# Comparison of Classifier's predicted probability: t-test, Wilcoxon test and others

In this notebook, we use paired tests to assess whether the posterior probabilities of two classifiers differ significantly.

First, let's load the Breast Cancer Dataset.

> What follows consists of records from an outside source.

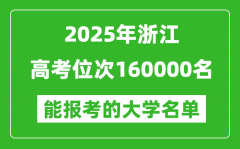 2025浙江高考位次160000名能報(bào)考什么大學(xué)？附能上大學(xué)名單
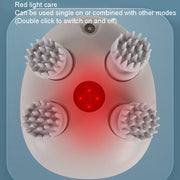 K111 Hot Compress Red Light Head Massager Electric Kneading Vibration Water-resistant Head Instrument, Size: English Version(White)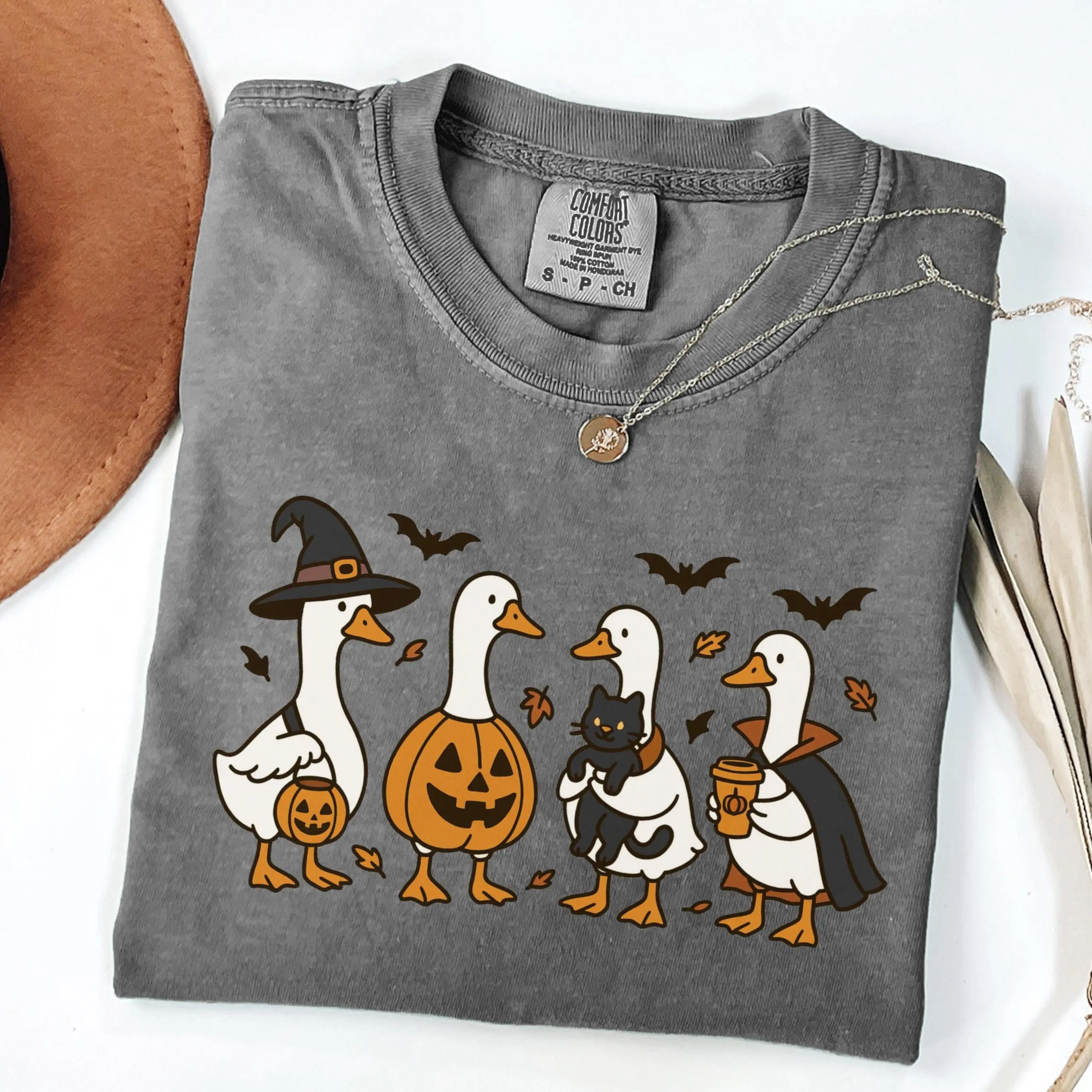 Comfort Colors Halloween Goose Shirt, Silly Ghost Fall Spooky Pumpkin Costume Graphic Tee - photo 5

We will construct two RandomForest with 50 and 51 estimators with the hope that there is no real difference between them



In [6]:
import sklearn
import numpy as np
import scipy
from sklearn.ensemble import RandomForestClassifier
from sklearn.datasets import load_iris, load_breast_cancer, load_digits
from sklearn.model_selection import train_test_split
from __future__ import print_function

dataset = load_breast_cancer()

data = dataset.data
target = dataset.target



Now, let's perform a paired t-test.

In [7]:
for _ in range(10):
    X_train, X_test, Y_train, Y_test = train_test_split(data, target, test_size=0.2)

    clf_A = RandomForestClassifier(n_estimators=50)
    clf_B = RandomForestClassifier(n_estimators=51)

    clf_A.fit(X_train, Y_train);
    clf_B.fit(X_train, Y_train);
    
    prob_A = clf_A.predict_proba(X_test)[:, 1]
    prob_B = clf_B.predict_proba(X_test)[:, 1]
    
    print("{} run".format(_+1))
    print("P-value : {}".format(scipy.stats.ttest_rel(prob_A, prob_B).pvalue))

1 run
P-value : 0.803051858565
2 run
P-value : 0.235007027539
3 run
P-value : 0.246274852779
4 run
P-value : 0.0624261284336
5 run
P-value : 0.048288650826
6 run
P-value : 0.279970029367
7 run
P-value : 0.989384821222
8 run
P-value : 0.577798898327
9 run
P-value : 0.922509261412
10 run
P-value : 0.967157109588


As we can see, there is a high probability of performing a type I error. Is it because data is non-normal?

Let's perform a Wilcoxon non parametric test.

In [8]:
for _ in range(10):
    X_train, X_test, Y_train, Y_test = train_test_split(data, target, test_size=0.2)

    clf_A = RandomForestClassifier(n_estimators=50)
    clf_B = RandomForestClassifier(n_estimators=51)

    clf_A.fit(X_train, Y_train);
    clf_B.fit(X_train, Y_train);
    
    prob_A = clf_A.predict_proba(X_test)[:, 1]
    prob_B = clf_B.predict_proba(X_test)[:, 1]
    
    print("{} run".format(_+1))
    print("P-value : {}".format(scipy.stats.wilcoxon(prob_A, prob_B).pvalue))

1 run
P-value : 0.107725164429
2 run
P-value : 0.315788095921
3 run
P-value : 0.629511470224
4 run
P-value : 0.802640192194
5 run
P-value : 0.433733102243
6 run
P-value : 0.635596646395
7 run
P-value : 0.49267168113
8 run
P-value : 0.0365398300494
9 run
P-value : 0.386452210453
10 run
P-value : 0.237561828978


There is a high variability here too, depending mainly on the random split of the test set. Let's try this on another dataset

In [9]:
dataset = load_digits()

data = dataset.data
target = dataset.target


for _ in range(10):
    X_train, X_test, Y_train, Y_test = train_test_split(data, target, test_size=0.2)

    clf_A = RandomForestClassifier(n_estimators=50)
    clf_B = RandomForestClassifier(n_estimators=51)

    clf_A.fit(X_train, Y_train);
    clf_B.fit(X_train, Y_train);
    
    prob_A = clf_A.predict_proba(X_test)[:, 0]
    prob_B = clf_B.predict_proba(X_test)[:, 0]
    
    print("{} run".format(_+1))
    print("P-value : {}".format(scipy.stats.wilcoxon(prob_A, prob_B).pvalue))

1 run
P-value : 0.274646747515
2 run
P-value : 0.376916372728
3 run
P-value : 0.278462636287
4 run
P-value : 0.206219391555
5 run
P-value : 0.120399696459
6 run
P-value : 0.0319334504654
7 run
P-value : 0.00289103538983
8 run
P-value : 0.0532025213858
9 run
P-value : 0.685694385542
10 run
P-value : 0.0192099698263


Seeing these examples, it seems that comparing posterior probabilities is very unstable.